Problem details: Nothing but the lines from the one with "imageFox Racing Mens" through the end of the records may appear in the answer, each reproduced exactly, pictures omitted.

Given entries:
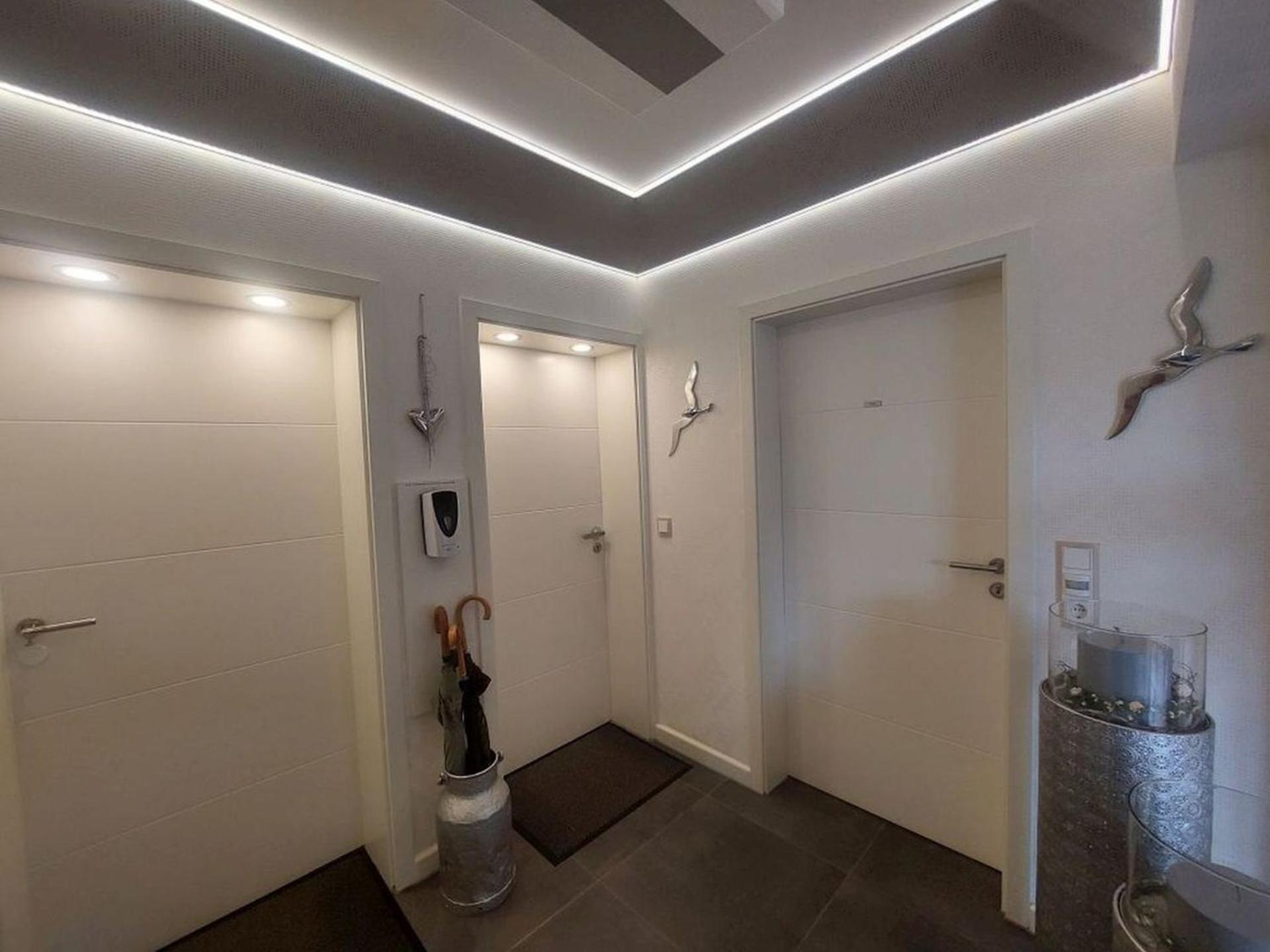 Schneckenhuette Apartment Meschede Ngoại thất bức ảnh
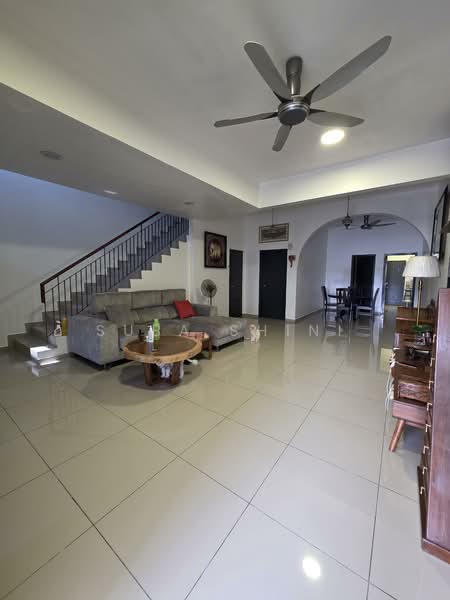 Terraced House for Sale in Mahkota Hills (Lenggeng) - Suba Shini - PropertyGuru.com.my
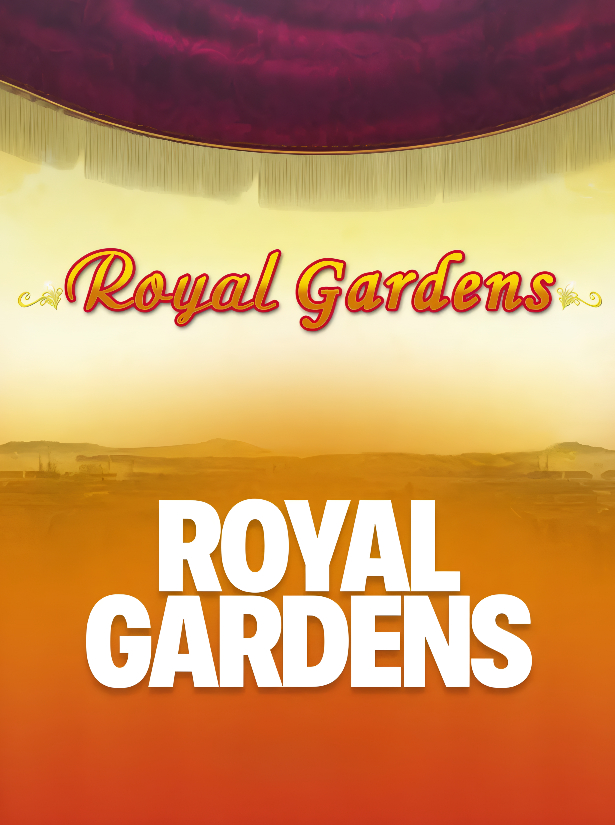Royal Gardens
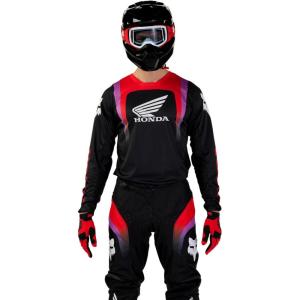 imageFox Racing Mens 180 Motocross Dirt Bike JerseyMulti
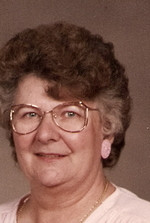 Delores J. Ford Profile Photo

Written solution:
 imageFox Racing Mens 180 Motocross Dirt Bike JerseyMulti
 Delores J. Ford Profile Photo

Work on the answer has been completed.